Re: Java high level consumer providing duplicate messages when auto commit is off

Jiangjie Qin Thu, 22 Oct 2015 21:48:51 -0700

Hi Cliff,

If auto.offset.commit is set to true, the offset will be committed in
following cases in addition to periodical offset commit:


1. During consumer rebalance before release the partition ownership.
If consumer A owns partition P before rebalance, it will commit offset for
partition P during rebalance.
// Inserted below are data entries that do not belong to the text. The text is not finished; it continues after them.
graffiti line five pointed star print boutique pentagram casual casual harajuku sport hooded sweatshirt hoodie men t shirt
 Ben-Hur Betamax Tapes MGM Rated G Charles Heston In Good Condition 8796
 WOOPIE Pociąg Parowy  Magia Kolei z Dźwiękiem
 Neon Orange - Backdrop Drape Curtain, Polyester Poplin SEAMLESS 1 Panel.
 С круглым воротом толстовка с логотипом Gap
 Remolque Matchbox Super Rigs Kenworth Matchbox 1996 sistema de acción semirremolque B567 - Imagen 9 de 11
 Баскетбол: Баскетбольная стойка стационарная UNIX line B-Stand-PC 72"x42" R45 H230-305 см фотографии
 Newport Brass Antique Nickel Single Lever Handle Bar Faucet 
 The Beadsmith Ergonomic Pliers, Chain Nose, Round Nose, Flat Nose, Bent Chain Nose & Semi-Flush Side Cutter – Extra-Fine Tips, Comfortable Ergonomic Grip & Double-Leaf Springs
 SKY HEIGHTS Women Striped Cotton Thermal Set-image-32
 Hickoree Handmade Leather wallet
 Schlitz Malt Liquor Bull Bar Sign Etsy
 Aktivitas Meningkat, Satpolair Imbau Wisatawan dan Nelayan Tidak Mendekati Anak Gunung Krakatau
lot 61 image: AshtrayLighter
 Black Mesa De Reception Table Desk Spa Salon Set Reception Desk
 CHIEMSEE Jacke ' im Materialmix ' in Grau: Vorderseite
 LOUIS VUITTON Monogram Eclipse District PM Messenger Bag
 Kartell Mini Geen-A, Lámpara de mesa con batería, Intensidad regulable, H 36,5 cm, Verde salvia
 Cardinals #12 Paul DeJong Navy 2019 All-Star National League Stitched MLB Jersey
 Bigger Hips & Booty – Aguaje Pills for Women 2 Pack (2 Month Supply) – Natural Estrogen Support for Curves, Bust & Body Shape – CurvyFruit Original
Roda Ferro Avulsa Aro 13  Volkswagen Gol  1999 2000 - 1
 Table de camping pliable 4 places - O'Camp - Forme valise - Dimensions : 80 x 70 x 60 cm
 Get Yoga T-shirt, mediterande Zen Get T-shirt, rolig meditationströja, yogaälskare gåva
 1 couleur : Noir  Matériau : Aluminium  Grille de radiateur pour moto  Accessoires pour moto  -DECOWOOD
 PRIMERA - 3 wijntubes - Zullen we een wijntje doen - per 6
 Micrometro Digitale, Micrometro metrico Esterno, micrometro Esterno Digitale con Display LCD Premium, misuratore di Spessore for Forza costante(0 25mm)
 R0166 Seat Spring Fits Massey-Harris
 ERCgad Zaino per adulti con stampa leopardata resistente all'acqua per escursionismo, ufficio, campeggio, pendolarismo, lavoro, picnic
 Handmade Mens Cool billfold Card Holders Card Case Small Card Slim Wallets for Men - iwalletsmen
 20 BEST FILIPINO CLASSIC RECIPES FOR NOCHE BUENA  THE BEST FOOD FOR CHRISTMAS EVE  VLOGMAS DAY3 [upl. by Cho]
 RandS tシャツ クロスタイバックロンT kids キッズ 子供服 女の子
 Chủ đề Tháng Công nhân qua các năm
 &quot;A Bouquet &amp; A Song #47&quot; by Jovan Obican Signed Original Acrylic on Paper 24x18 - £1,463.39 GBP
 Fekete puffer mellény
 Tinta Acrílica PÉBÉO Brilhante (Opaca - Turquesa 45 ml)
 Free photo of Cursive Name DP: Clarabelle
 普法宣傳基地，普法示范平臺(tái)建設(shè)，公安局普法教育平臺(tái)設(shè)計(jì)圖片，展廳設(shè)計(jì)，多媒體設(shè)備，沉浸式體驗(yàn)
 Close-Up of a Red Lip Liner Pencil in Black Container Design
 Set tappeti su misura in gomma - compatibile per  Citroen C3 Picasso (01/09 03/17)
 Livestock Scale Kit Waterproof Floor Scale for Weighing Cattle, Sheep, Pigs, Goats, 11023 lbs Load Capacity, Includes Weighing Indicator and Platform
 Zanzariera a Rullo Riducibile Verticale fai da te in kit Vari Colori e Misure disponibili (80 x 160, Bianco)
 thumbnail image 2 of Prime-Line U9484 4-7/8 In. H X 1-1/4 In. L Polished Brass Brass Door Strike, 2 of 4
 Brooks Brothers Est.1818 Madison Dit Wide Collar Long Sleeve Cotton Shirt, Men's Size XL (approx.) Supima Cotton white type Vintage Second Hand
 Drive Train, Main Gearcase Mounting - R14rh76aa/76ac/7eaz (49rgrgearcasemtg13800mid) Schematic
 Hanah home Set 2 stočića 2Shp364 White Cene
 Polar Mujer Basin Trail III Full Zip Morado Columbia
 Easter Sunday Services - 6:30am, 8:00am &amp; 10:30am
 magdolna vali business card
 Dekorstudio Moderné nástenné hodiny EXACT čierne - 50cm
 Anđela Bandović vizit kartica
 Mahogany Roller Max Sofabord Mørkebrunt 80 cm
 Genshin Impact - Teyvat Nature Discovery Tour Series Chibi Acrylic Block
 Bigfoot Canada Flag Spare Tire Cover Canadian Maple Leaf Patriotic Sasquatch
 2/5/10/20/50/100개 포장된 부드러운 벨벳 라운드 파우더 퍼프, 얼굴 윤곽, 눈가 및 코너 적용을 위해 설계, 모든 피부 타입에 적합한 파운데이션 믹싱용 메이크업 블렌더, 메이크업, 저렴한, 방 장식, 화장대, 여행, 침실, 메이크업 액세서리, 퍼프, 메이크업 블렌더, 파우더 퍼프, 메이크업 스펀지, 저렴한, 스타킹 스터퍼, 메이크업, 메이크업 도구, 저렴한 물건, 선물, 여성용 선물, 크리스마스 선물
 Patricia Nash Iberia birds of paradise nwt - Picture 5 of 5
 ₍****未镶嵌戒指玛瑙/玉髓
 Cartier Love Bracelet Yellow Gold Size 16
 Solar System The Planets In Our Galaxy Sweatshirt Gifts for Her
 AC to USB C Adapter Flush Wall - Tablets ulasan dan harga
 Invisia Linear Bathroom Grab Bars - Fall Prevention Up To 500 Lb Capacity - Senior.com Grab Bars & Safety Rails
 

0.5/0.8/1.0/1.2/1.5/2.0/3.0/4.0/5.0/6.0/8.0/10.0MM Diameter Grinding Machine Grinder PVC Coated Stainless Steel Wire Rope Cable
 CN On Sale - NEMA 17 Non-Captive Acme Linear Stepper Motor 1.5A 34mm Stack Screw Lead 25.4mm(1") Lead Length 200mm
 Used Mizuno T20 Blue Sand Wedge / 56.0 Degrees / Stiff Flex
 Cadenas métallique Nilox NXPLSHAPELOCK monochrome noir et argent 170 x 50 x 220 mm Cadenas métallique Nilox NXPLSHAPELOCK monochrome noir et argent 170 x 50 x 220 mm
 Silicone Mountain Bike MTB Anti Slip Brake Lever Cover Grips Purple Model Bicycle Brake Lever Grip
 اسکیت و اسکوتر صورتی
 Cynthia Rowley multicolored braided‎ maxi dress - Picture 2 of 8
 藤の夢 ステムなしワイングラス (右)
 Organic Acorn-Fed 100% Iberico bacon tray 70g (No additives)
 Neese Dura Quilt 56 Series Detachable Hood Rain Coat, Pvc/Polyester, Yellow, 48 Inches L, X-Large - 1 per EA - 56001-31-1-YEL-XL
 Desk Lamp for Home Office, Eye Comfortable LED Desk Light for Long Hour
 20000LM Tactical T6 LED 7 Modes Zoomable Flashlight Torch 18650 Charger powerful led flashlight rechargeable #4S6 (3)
If consumer B become the new owner of
partition P after rebalance, it will start from the committed offset, so
there will be no duplicate messages.
2. When consumer closes.

Rebalance will be triggered in the following cases:
1. A consumer joins/leaves the group.
2. Some topic/partition changes occurred to the interested topics.(e.g.
partition expansion for a topic; a new topic created and the consumer is
using a wildcard that matches the new topic name)

To answer your question:
Simple consumer should not interfere with high level consumer because it
does not have any group management embedded.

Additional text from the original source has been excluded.